Collected data:
..........

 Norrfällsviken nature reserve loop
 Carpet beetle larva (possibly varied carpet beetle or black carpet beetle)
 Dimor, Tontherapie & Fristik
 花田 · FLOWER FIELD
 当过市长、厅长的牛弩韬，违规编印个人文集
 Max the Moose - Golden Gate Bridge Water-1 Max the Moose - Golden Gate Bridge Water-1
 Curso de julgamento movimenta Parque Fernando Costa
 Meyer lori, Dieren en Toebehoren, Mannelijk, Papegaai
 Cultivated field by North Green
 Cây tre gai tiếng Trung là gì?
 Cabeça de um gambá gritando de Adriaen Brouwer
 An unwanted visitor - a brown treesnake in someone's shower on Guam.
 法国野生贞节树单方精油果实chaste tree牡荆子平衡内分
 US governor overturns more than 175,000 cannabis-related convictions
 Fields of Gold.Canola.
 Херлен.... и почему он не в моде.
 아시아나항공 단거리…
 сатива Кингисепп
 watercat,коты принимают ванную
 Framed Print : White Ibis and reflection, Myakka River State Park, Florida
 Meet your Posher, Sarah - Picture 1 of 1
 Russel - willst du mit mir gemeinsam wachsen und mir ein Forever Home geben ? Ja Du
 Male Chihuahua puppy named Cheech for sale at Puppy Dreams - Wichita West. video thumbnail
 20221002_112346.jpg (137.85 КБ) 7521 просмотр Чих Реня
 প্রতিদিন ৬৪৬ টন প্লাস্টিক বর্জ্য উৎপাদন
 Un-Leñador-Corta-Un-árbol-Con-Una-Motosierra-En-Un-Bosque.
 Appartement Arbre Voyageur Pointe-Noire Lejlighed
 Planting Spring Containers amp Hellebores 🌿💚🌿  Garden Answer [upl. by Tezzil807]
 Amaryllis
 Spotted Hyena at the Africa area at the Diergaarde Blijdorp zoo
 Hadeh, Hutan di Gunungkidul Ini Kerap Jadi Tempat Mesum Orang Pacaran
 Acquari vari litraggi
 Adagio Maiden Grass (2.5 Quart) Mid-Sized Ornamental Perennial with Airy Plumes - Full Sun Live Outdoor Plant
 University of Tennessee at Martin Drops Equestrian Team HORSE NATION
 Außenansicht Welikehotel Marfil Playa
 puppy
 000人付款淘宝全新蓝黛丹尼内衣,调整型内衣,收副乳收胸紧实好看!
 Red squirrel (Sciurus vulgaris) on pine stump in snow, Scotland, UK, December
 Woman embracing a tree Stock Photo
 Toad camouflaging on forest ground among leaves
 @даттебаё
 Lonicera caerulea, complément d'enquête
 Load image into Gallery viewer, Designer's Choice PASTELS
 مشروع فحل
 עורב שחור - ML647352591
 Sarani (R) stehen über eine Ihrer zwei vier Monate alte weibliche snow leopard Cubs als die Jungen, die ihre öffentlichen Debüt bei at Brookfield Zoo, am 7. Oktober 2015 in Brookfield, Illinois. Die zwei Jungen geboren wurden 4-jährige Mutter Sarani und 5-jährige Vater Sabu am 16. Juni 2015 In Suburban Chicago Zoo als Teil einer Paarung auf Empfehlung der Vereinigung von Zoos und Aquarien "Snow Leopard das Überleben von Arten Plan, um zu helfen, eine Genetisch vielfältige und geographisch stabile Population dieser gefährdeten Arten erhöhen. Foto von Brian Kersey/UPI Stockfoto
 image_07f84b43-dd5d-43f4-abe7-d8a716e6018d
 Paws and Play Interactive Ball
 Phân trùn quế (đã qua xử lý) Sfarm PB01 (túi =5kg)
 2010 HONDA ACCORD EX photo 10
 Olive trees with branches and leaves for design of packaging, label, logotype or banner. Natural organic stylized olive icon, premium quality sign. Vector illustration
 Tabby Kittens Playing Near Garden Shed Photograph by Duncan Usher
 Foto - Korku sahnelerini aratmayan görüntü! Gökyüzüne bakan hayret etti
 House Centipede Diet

..........

Description of the task: Starting with the line that contains "Sarani (R) stehen", restate every line up to and including the last one above, exactly.

Response to the task:
 Sarani (R) stehen über eine Ihrer zwei vier Monate alte weibliche snow leopard Cubs als die Jungen, die ihre öffentlichen Debüt bei at Brookfield Zoo, am 7. Oktober 2015 in Brookfield, Illinois. Die zwei Jungen geboren wurden 4-jährige Mutter Sarani und 5-jährige Vater Sabu am 16. Juni 2015 In Suburban Chicago Zoo als Teil einer Paarung auf Empfehlung der Vereinigung von Zoos und Aquarien "Snow Leopard das Überleben von Arten Plan, um zu helfen, eine Genetisch vielfältige und geographisch stabile Population dieser gefährdeten Arten erhöhen. Foto von Brian Kersey/UPI Stockfoto
 image_07f84b43-dd5d-43f4-abe7-d8a716e6018d
 Paws and Play Interactive Ball
 Phân trùn quế (đã qua xử lý) Sfarm PB01 (túi =5kg)
 2010 HONDA ACCORD EX photo 10
 Olive trees with branches and leaves for design of packaging, label, logotype or banner. Natural organic stylized olive icon, premium quality sign. Vector illustration
 Tabby Kittens Playing Near Garden Shed Photograph by Duncan Usher
 Foto - Korku sahnelerini aratmayan görüntü! Gökyüzüne bakan hayret etti
 House Centipede Diet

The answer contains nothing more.